Niklos Koda, À l’arrière des berlines
de Dufaux et Grenson
par L.L.de Mars
La plus grande partie des albums publiés chaque année par les gros éditeurs ne font pas, n’ont aucune raison particulière de faire, l’objet d’un article dans Pré Carré ; comment commencer à construire un regard sans au moins une aspérité pour l’arrimer ? D’une part, les rédacteurs de la revue seraient bien en peine de distinguer un album parmi les quelques milliers de ses semblables dans le ressac de l’industrie éditoriale quand aucune urgence, aucune promesse, aucun tremblement lumineux sur l’horizon ne viennent encourager un mouvement de formation du jugement ni la création de modes de discrimination ; d’autre part, ils peinent déjà à trouver dans les 48 pages de la revue une place suffisante pour parler de ce qui semble à la fois si important et si fragile. Dans ce numéro, nous avons décidé de multiplier les pistes en les serrant dans des formes courtes, fusées théoriques, critiques, pas de côté furtifs, amorces, plans serrés.
C’est
une opportunité de saisir au hasard un ou deux de ces
brimborions répondant si volontairement aux idées
reçues qui les précédent.
Les difficultés visibles que le dessinateur éprouve à visser un chapeau sur une tête font peine à voir ; la logique géométrique de la chose, perceptiblement, le dépasse. Quel volume, de la tête ou de la calotte, est la concrétion de l’autre ? C’est sans solution : l’aile se retrousse comme l’ourlet d’une matière rebelle à toute mémoire de forme et hésite, de case en case, entre le mou, le cartonneux, l’anneau de canotier ayant perdu une dimension et la langue de bœuf encore vivante, dévorant un visage de poupée. Toute chose du monde à dessiner lui est un obstacle infranchissable : l’ombre d’une arcade sourcilière avale trop de repères pour placer un œil dans la découpe absurde dont elle frappe un visage ; une fumée de cigarette passe de la méduse au polochon épluché sans jamais atteindre la légèreté ni la transparence ; un rai de lumière y a la solidité enfantine d’un Mr. Freeze.
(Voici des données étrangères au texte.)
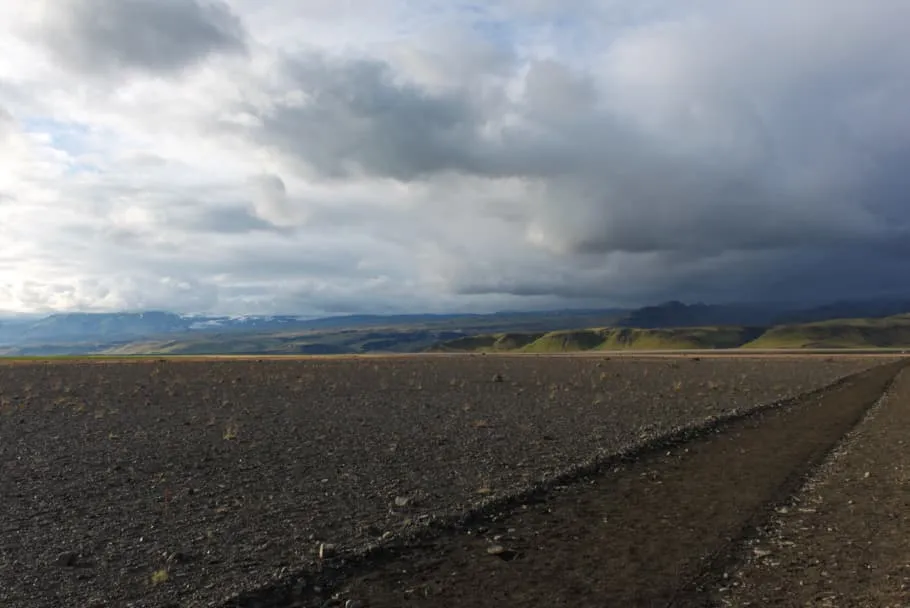 Chemin desertique menant au DC3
Alors, se demande-t-on, quel scenario missionnaire, vital, quelle nécessité peut bien légitimer la torture que s’inflige le pauvre Dufaux (ou Grenson je ne sais pas lequel tient le pinceau) alors qu’il pourrait très profitablement aller aux champignons ? Quel message impérieux lui et son scénariste doivent-il délivrer au monde ? Dois-je les chercher dans des aphorismes de ce genre : « Avec les femmes, mon cher, on n’y comprend jamais rien ou presque » ? Ce livre en est une pépinière. On passe à peine le choc philosophique, que vient la leçon de littérature. Ce mon cher à lui tout seul, glissé dans une habile façon de dialogue, montre à quel degré de raffinement l’écriture s’est déshabillée de tous les degrés possibles, un à un, pour revenir un peu au-dessous du premier, quelque part entre le roman écrit par un javascript et le retroussement comme une peau du poncif par un Pierre la Police schizo se rêvant Marc Levy.
C’est un de ces récits où les moricauds sont superstitieux, leurs femelles lascives jusqu’au fourneau slipal, appelant tous les européens « homme blanc » et souffrant d’un invraisemblable sentiment d’infériorité qui les rend tantôt agressifs tantôt voués corps et âmes à leurs colons.
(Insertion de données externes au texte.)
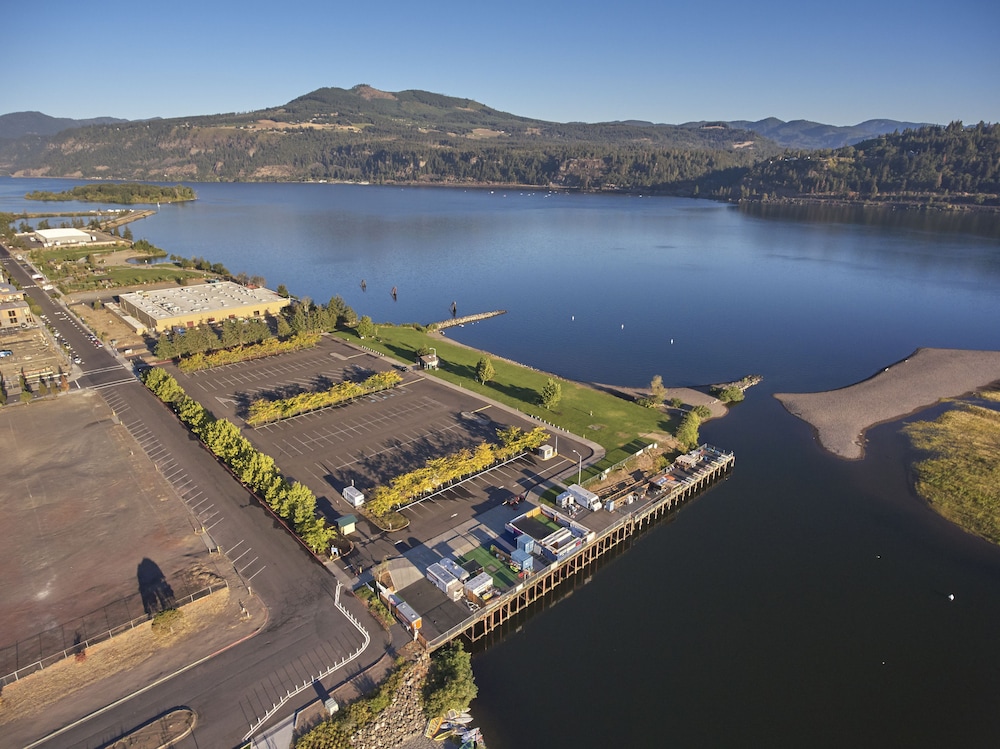 Hampton Inn & Suites Hood River - photo 32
Dire que c’est misogyne est très au-dessous de la vérité. Le héros est une sorte de garçon coiffeur dont le prestige repose sur une aptitude mythologique à pécho toute caille qui bat un peu des ailes à proximité et.
Et c’est tout. Voilà. C’est la raison pour laquelle le monde entier a besoin de ses services. Pour sauver l’humanité.
Mais qui va nous sauver de ce genre de cochonneries ? Il semble, contre toute apparence, que ça ait été barbouillé par deux adultes et, plus troublant encore, que la lecture en soit également destinée aux grandes personnes.